Girls don’t understand these activities; to them, what we do ranges from “loser crap” to “big waste of time.” So they coax, coerce and sweet-talk their men into spending more time with them and less time with us

Which is an unforgivable transgression.

When a friend is busy getting laid, we get it. But seeing a man go for cocktails with Her friends when we could be watching all 6 Star Wars movies back-to-back is just wrong

It’s Called Betrayal

During the first few months of a relationship, both sexes are on their best behavior. We all want to make a good impression. For girls, getting the approval of her man’s friends is a part of that. 

She’ll go out for beers with the crew; try to hook us up with her single friends; play a game of guitar hero here and there.

All that changes when the honeymoon period’s over. When a woman knows she’s “secured” her boyfriend, she has fewer reasons to be nice to his friends.

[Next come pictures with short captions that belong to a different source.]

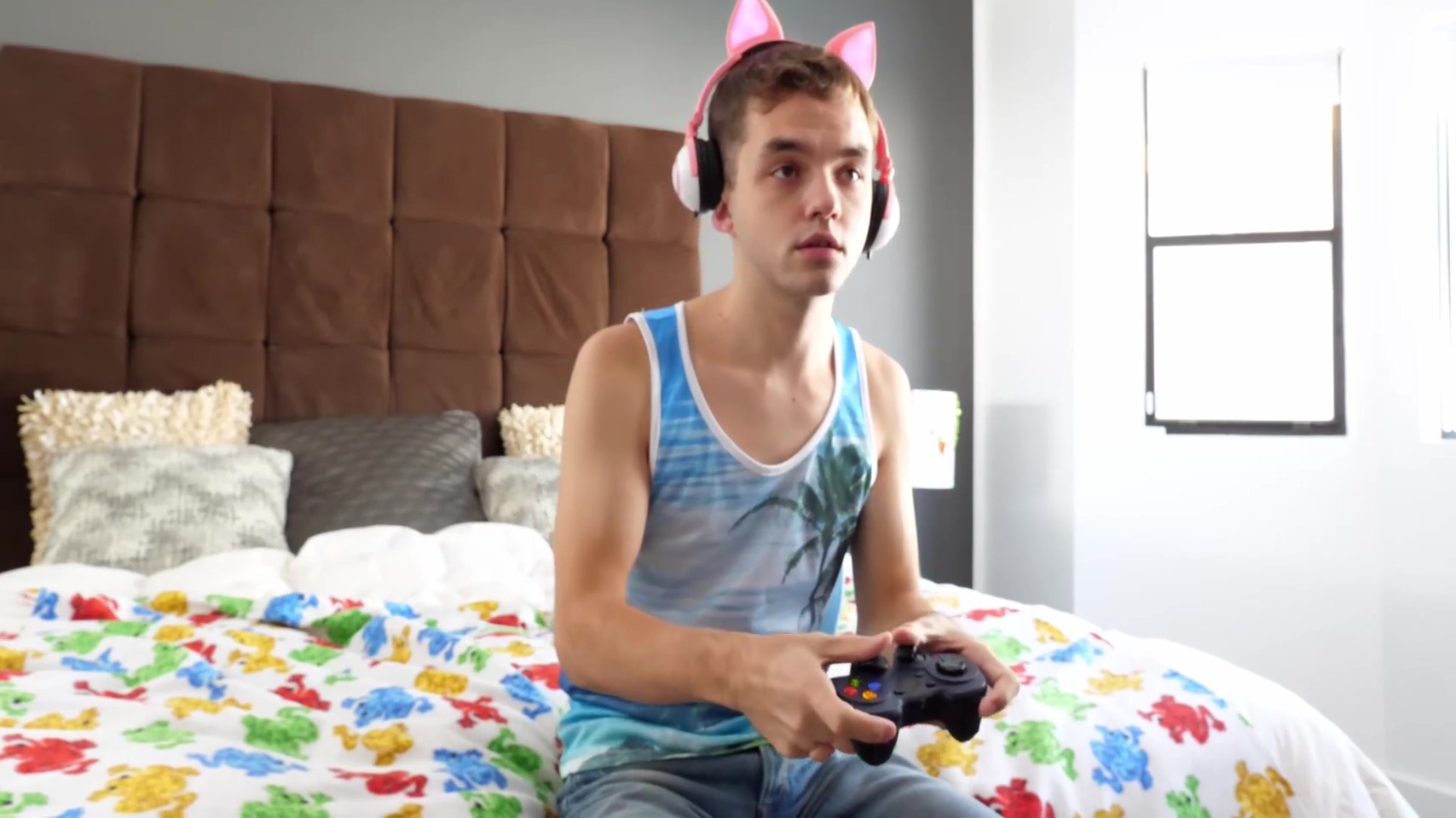 Marcus Rivers And Dillon Diaz - Gamer Stepson Rides Stepdads Black Cock 19 Min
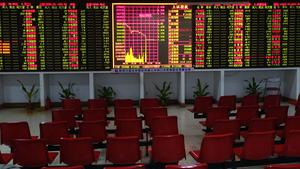 7 Percent Drop Closes Chinese <strong>Stock</strong> <strong>Market</strong>s; U.S., Worl...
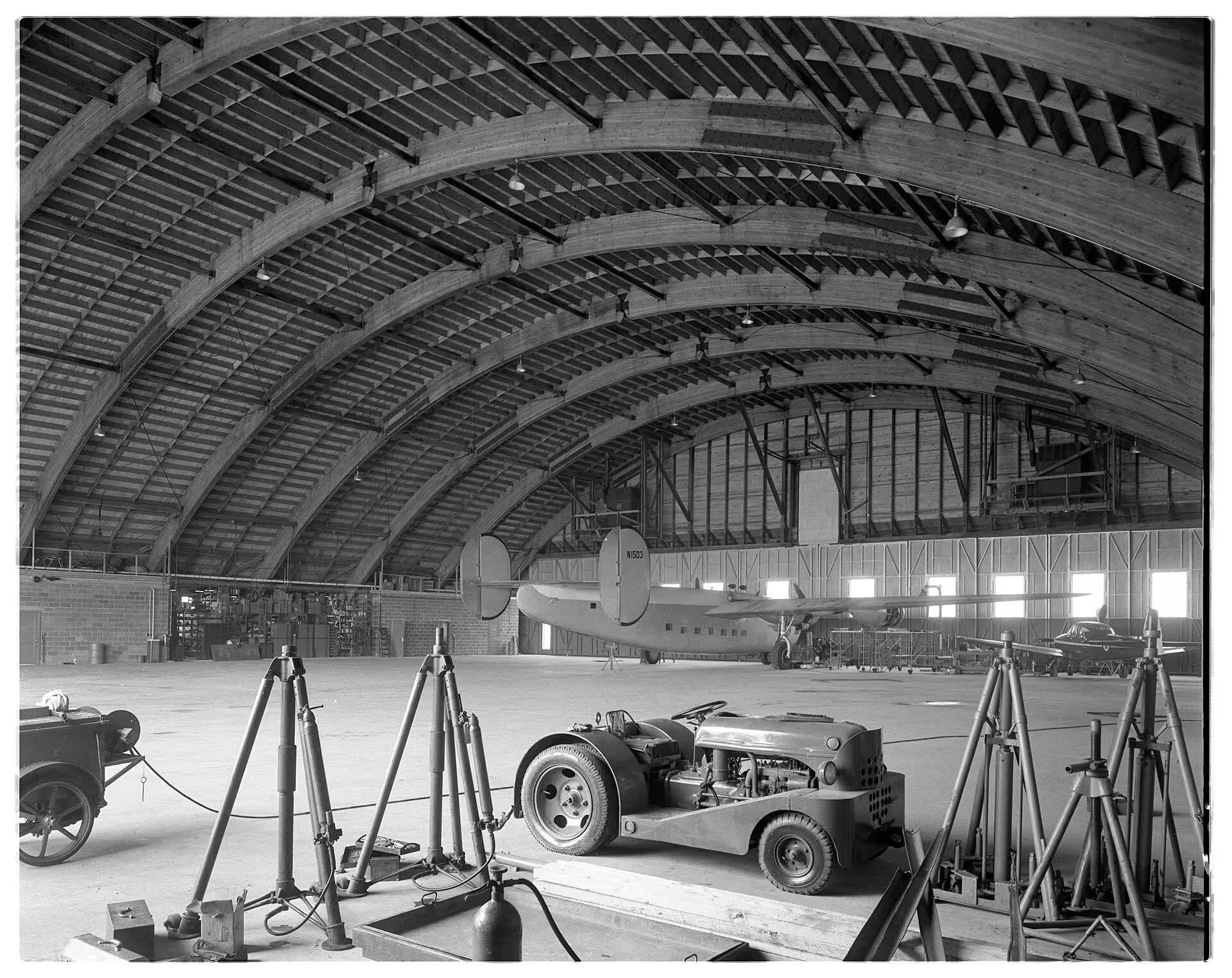 Unidentified — Aircraft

This is normal girl behavior, but we’re man – and so we feel betrayed. The girl who we thought was kind of OK becomes “Becky, who started acting like a cold bitch lately.” 

In The End

Some girls really are bitches – evil jezebels straight outta hell you can’t help but hate. 

But for the most part, it’s natural for men to hate their friends’ girlfriends. They compete for one man’s time; want to see him play different social roles; tend to have few common interests.

Just remember that your buddy’s chick cares about him just as much – or even more – than you do. Do your best to understand her and keep things friendly – if only for his sake. One of these girls he’s seeing might be there for life. 

See some words or phrases that you don't understand? Check out The Dragon's Lexicon.
  • Lonnie F

    My crew had an agreement that we would keep any and all girlfriends away from the circle and for a long time it worked well. No crossover drama. Then one day my main man the one I thought would never break, never flip, never turn, or nothin started lying about unnecessary shit and then he disappeared. When he resurfaced for a minute we found out he was breaking damn near all the rules. Moved in with a hoodrat with another man’s baby and took care of her, bought her a hoopty, introduced her to his family and shit. I looked at him and felt like I fucked up. I’m like where was I at when this was going down. I could’ve prevented it. But really I couldn’t. We didn’t know because he said he was hangin out with another “friend.” All that time we thought it was a dude.

    Then he resurfaced again and had a whole gang of kids with a new chick. Damn that’s what happens when months turn to years. He was lyin long before we even parted ways to have that many kids. I’m like damn this is me. He could’ve told me anything. That broad flipped him.

    Shit, another homie talked all this shit about how wack and ugly this broad was how tight his game is how far outta his league she is and then he disappeared for a minute. Who do you think pops back up with him!? She was thirsty as hell inviting herself out with us and then acted like she belonged all along.

    2 good friends ruined.

    • Hey, Lonnie

      It’s a complicated situation. On one hand, you want something better for your friend. On the other, what can you do if he’s in love and happy?

      Happens to me all the time and lately I’ve been letting live and let live. If a guy really wants to be stuck with a woman he can do better than, let him.

  • Carmelita Jones

    There is much to be said for dating a girl with similar interests. My last boyfriend’s buddies love me so much that I still hang out with them even though we are no longer dating; they are my bros! There’s no weird drama, they didn’t pick me over him or do any other bitch-assed thing like try to get with me. We just drink beers, play video games and talk about whatever.

    • You sound really cool :). That’s the way I think relationships should go and end – with everyone being friends in the end. I like that you get that.

  • Nish

    I respect my man and his friends, but I have a life too. If his friends don’t like me, it’s their problem. I treat him very nice and I know they’re jealous because he’s truly happy and they’re not.